The Many Ways of Learning
It was 1979; more than 30 years ago, that I started what later would be called the “Nature Under Stress” program. Today I still continue to support the same idea, learning through experience, though a number of programs that embrace the same ideas of my first program “Nature Under Stress”.
I grow up with the old theory of teaching, from a podium and in a classroom of four walls where lectures and learning were based on a text book. No free dreams, no personal experience, no interchange of ideas, no hand on approach, and all based on that the teacher is the gods that knows it all and the student is quiet and memorize the lesson to later spit it out on a test.

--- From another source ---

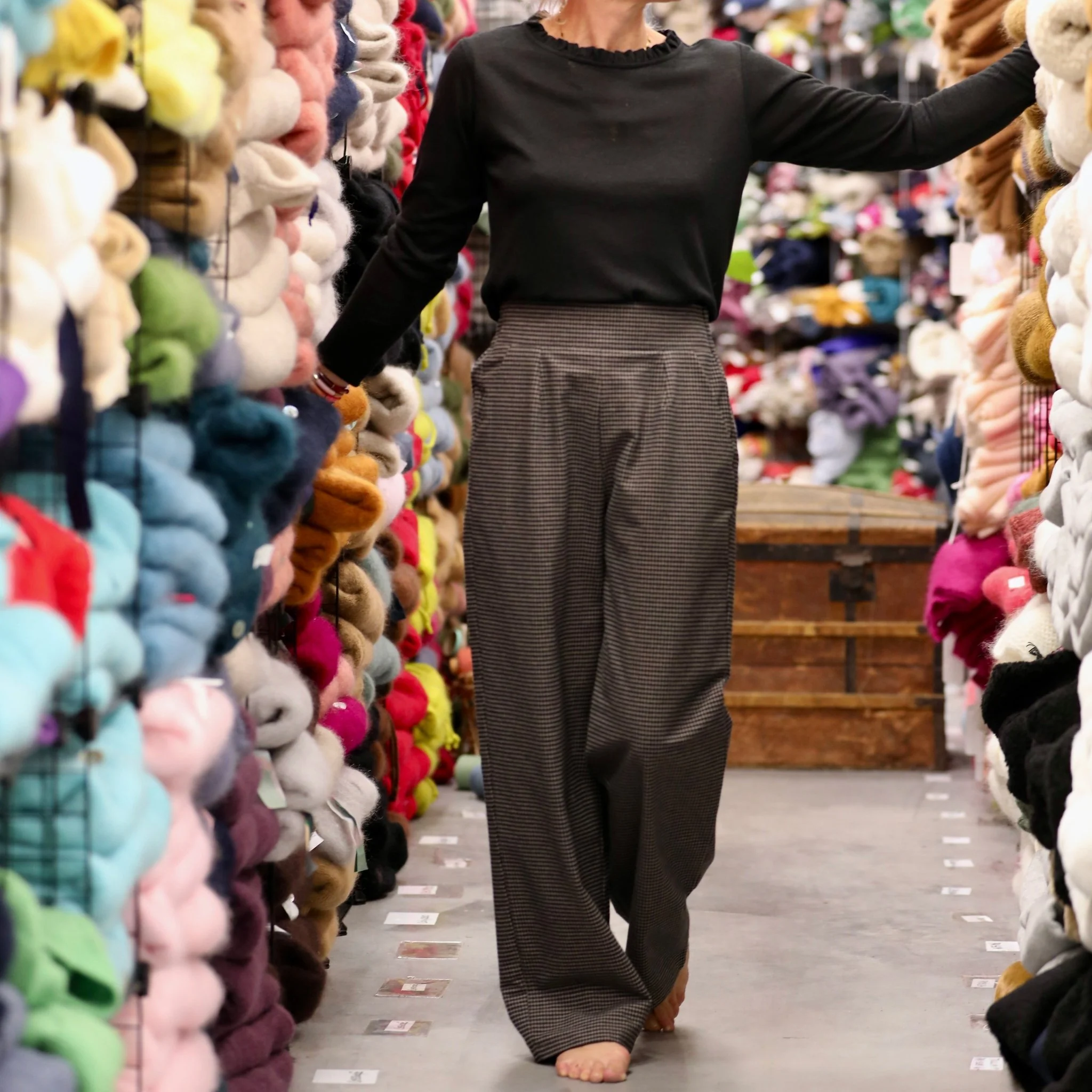 Le Pantalon Cocoon Louis — flanelle douce à carreaux noir ficelle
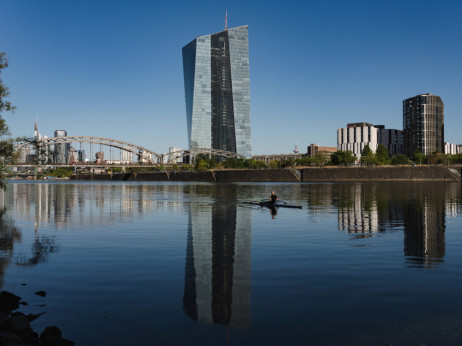 ECB se nagiba k decembrskemu zvišanju obrestnih mer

Nature under stress was based on giving the opportunity to students to learn from an experience, and provide these students with a platform -where we could talk about what we saw, what we learned on our own by poking around in nature-. Later on we called that inquiry and hands on, but in 1979 I called it “Learn on your own”.
“Nature Under Stress” was simple. My students, most of them from the inner city, came on a bus to my park. Their councilors were already tired from the heat and the noise on the bus and with no intention of doing anything for the kids. The kids were all woundup and ready to explode after spending one hour sitting on a bus. My park was a shore park in the Long Island Sound with more than enough nature to keep anyone busy. I would take them out of the bus, and then I told them to “follow me”. At that moment I started to run as fast as I could in the direction of the salt marsh and wilderness and the kids would follow, not their councilors. Ten minutes later, the kids were in my game, far from civilization, surrounded by nature, with no chance of turning back and at my mercy. I took them out of their environment and put them on mine.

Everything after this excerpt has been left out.